At this stage, the cluster does not have a LEADER so it goes through a leader election process
and they elect a new LEADER.

Once a new LEADER has been elected make 4 more entries, you can not use Ern1 as a parameter
in your log_entry command because it is not an active node now. So, make a suitable change
and make these 4 entries.

Once you make these 4 entries, you will notice something strange. Every thing looks ok but 
file size of your replicated files are reduced. It is because, it compacts the log files after
it reaches a particular limit as specified in sys.config (log_retention_size_max). 
We have set to 15 for demo/testing purpose but normally this value will be much higher.

Well this should be a happy ending of testing. If you see any discrepancy, please report back.


Automated Testing
=================

This implementation of RAFT supports the following features:

1. Leader Election
2. Replicated Log
3. Config Change
4. Log Compaction
5. Snapshot Installation

Log Compaction is performed automatically when we make log entries and log file size exceeds 
a specific log entry size. 

Snapshot Installation is performed automatically as a part of log entries and also as a part 
of config change.

So we do not need to create any test cases to test these 2 features.
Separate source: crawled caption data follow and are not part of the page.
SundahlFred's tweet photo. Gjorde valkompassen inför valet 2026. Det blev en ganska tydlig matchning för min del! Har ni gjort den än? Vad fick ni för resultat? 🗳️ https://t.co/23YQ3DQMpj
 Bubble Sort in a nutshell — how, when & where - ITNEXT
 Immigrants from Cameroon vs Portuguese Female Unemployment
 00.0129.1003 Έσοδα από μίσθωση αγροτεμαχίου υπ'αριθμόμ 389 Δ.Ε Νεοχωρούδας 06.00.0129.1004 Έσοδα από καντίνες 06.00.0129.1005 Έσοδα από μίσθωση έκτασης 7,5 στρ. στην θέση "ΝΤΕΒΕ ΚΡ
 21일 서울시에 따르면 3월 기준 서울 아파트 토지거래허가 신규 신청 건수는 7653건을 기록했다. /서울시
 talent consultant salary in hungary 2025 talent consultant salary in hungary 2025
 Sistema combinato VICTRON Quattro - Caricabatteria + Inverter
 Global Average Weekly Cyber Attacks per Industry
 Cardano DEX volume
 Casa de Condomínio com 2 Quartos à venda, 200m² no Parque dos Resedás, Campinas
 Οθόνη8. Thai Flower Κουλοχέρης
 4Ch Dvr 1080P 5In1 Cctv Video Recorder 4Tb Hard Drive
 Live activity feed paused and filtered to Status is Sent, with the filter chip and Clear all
If other features work 
correctly, we can be sure that these 2 features are also working correctly.

We create a random number of test cases and each test case is selected randomly from the
following 5 test scenario.

We assume that we are going to use N number of RAFT nodes (Full Configuration) for testing 
and we start our RAFT cluster with M number of RAFT nodes (Initial Configuration, M =< N).

Each test case starts with RAFT cluster configuration change, so we randomly choose one of 
the 5 scenarios as configuration change for next test case. The 5 test scenarios are:

1. Current LEADER will be retained and 1 RAFT node from current RAFT cluster will be 
   replaced by 1 new RAFT node that is NOT_IN_CONFG. 
2. Current LEADER will be retained and 2 RAFT nodes from current RAFT cluster will be
   replaced by 2 new RAFT nodes that are NOT_IN_CONFIG.

These test cases help to determine if RAFT implementation performed Config Change correctly 
or not and also every RAFT node in new RAFT cluster is consistent (possibly by installing 
the snapshot if needed).

3. Current LEADER is removed and replaced by 1 new RAFT node that is NOT_IN_CONFIG.
4. Current LEADER and 1 more RAFT node from current cluster are removed and replaced by
   2 new RAFT nodes that are NOT_IN_CONFIG.

These test cases help to determine if RAFT implementation performed Leader Election correctly
or not in addition to Config Change.

5. Bring all the RAFT nodes to cluster (Full Configuration).

This test case helps to determine that all the RAFT nodes eventually become consistent.

A Test Case
===========

We perform the following tasks and make validation for correctness for each test:

1. Make a Config Change as specified in the test case 
   and validate the following properties
   
   a. There is only 1 LEADER in the new configuration and rest of the nodes in the 
      configuration are FOLLOWER.
   b. Value of current_term and leader_id is same for every RAFT node in the new configuration.
   c. Value of prev_log_index for FOLLOWERs is =< value of prev_log_index of LEADER, this property 
      ensures that the right LEADER was chosen if Leader Election was performed.
   d. All other RAFT nodes that are not in new configuration must have their status as NOT_IN_CONFIG
      and leader_id undefined.

2. Make N number of log entries (N is randomly chosen for each test case) 
   and validate the following properties
  
   a. Value of prev_log_index is same for majority of RAFT nodes (including LEADER).
   b. For majority of FOLLOWERS, commit_index (FOLLOWER) is =< commit_index (LEADER)
      and commit_index (FOLLOWER) >= commit_index-1 (LEADER).
   c. For LEADER, value of prev_log_index after making N entries should be equal to
      prev_log_index value of LEADER just after Config Change + N.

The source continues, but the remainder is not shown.